■ **SUPPLIED MATERIAL**
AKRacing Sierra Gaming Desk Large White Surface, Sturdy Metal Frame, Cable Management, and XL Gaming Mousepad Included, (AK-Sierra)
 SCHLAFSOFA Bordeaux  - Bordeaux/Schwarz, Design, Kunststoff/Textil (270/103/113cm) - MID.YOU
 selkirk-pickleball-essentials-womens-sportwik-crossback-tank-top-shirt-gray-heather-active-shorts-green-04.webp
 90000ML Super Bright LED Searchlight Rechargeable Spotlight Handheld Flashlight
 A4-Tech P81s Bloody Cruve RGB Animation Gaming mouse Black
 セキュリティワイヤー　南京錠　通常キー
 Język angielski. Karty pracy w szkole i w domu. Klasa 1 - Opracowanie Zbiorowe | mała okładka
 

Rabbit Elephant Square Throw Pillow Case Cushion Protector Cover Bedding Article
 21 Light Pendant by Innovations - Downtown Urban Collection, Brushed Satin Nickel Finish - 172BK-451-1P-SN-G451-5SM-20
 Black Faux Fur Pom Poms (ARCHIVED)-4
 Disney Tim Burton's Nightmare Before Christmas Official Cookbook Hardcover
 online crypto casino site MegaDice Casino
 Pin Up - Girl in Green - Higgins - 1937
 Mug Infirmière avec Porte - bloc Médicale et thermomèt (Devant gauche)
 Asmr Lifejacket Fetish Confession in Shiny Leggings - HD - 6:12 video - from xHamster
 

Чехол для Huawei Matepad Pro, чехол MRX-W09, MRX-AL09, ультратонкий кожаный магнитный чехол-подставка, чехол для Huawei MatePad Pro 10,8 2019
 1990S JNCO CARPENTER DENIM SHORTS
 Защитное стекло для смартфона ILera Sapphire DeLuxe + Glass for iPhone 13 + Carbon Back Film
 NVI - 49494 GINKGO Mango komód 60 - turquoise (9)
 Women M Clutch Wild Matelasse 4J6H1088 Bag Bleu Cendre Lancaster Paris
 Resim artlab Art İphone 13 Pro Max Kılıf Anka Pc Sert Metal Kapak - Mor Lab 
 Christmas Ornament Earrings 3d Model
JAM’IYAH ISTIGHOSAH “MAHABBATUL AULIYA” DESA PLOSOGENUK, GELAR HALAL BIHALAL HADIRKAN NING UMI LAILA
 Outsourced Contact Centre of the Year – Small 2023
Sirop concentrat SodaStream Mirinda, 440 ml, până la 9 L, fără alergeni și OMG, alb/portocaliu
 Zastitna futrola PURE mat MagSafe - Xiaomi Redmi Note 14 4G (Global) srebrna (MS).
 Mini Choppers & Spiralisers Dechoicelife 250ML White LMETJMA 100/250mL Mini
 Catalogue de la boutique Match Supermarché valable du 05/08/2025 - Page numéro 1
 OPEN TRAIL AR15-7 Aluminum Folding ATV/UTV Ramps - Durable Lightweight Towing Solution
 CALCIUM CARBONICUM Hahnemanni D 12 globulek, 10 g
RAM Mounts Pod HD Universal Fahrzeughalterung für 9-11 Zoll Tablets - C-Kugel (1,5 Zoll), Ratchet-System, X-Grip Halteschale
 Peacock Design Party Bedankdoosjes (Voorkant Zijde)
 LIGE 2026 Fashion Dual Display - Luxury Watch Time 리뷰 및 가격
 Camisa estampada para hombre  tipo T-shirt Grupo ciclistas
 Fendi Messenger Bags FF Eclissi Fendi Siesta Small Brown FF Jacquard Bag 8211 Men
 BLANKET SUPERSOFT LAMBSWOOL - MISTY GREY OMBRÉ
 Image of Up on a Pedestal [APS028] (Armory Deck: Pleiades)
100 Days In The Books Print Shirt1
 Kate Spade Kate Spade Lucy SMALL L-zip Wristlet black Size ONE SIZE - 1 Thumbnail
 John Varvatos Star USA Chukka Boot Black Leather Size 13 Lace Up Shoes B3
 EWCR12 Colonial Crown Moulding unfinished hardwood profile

■ **EXERCISE GOAL**
What lines in the material above contain the word "Christmas"? Copy them out.

■ **SOLUTION TO THE EXERCISE**
 Disney Tim Burton's Nightmare Before Christmas Official Cookbook Hardcover
 Christmas Ornament Earrings 3d Model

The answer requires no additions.